Libby opened her eyes. “What?”
“She says it’s a really good prospect, a newborn, a little boy. She wants to come and talk to us about it tomorrow. I told her to come at noon. I can call in sick to work or take a personal day or whatever.”
“A boy?”
“Yeah. Just what we always wanted, Libby. I told you, didn’t I? I said it was for the best, right?”
“Yeah,” Libby said. “You did.”
52
“SHE TOOK HIM.”
Anna told them a hundred times over. She couldn’t fathom why they wouldn’t listen to her. Why they kept lying, saying he was dead. Her sister, her mother, the police officers, the doctors, the nurses. All of them were in on it. It was a conspiracy.
They told her nothing at first, only that she had been asleep for a long time. Weeks, they said, held under by sedation. She hadn’t been able to speak at first. A kindly doctor explained that the bullets had been low caliber, but high velocity, and at least two of them had passed right through her body, damaging her lung and liver. One had only just missed her spine, could have left her paralyzed from the waist down.
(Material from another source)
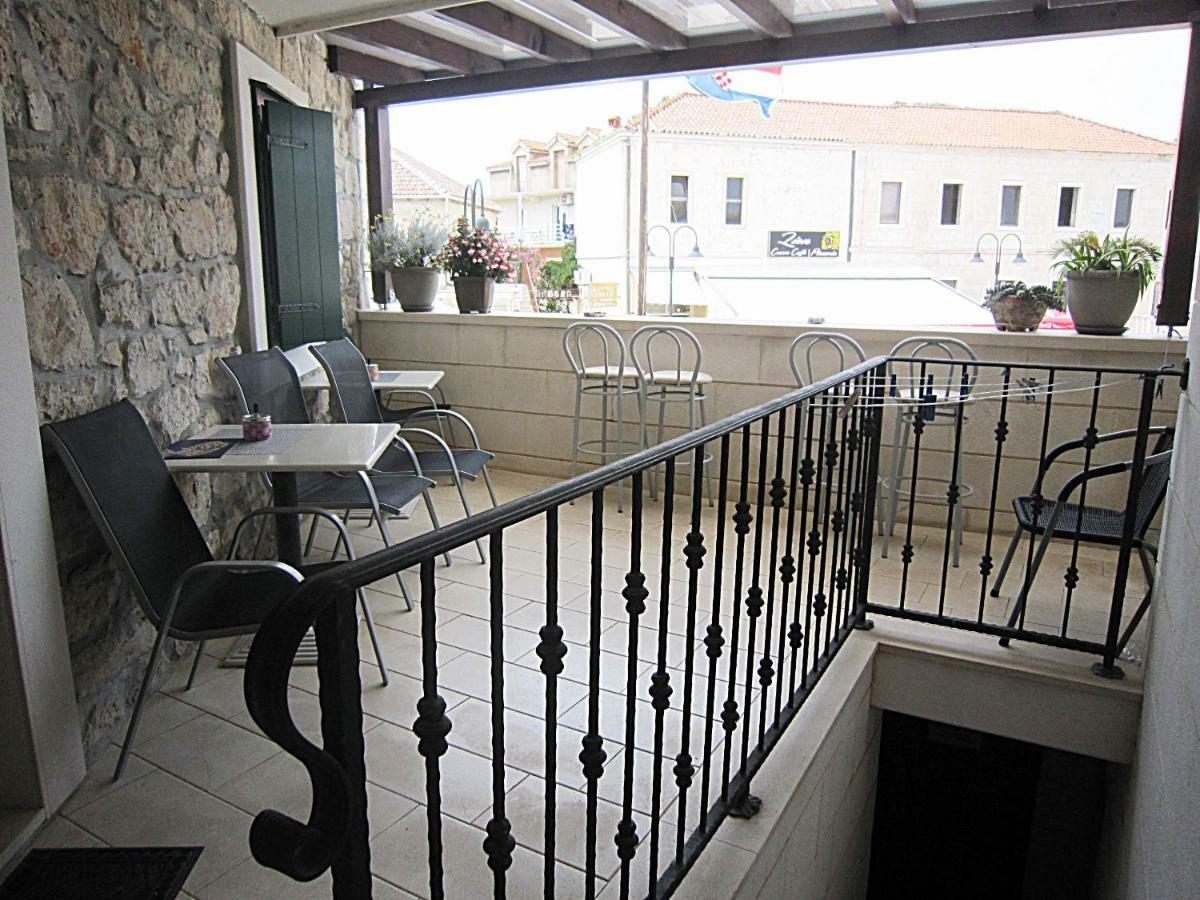 Guest House Paola Primošten Esterno foto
Another had torn through the muscle of her neck and hit the back of her jaw on the left side, shattering bone and teeth. They had wired what they could back together. There would be more surgery to come.
Those first few days of waking were a long smear of bright pain and dark nothing, which she drifted through in a state of only partial awareness. She began her return to the world by noting the routines of the day, the opening and closing of blinds, the presence and absence of light, the renewals of painkillers, the changes in shifts as faces came and went.
She had been trying to speak for some time before anyone noticed. In the end, it was a young male nurse who first acknowledged her. He leaned in over the bed and waited patiently while she grunted up at him.
“Anna, you’re in St. Bartholomew’s Hospital in Boston. You were brought here from New Prestwick. Do you know what happened to you?”
Shot, she tried to say, but she choked on her own saliva, coughed, setting off a chain reaction of pain around her body.
“Okay, okay,” he said, his voice low and soothing. “Just relax. Anna, you were in a shooting incident. You were struck several times, and you were seriously hurt, but you’re going to be fine, all right? We have a very experienced trauma team here, they’re well used to dealing with gunshot wounds, and they’ve been taking very good care of you. You’re having difficulty speaking because your jaw is wired shut. Now, I want you to take it easy and one of the doctors will be in to talk with you in a while.”
She tried to shout after him, Where’s my baby, where’s L’il B? But the words remained trapped in her throat and he left her there alone.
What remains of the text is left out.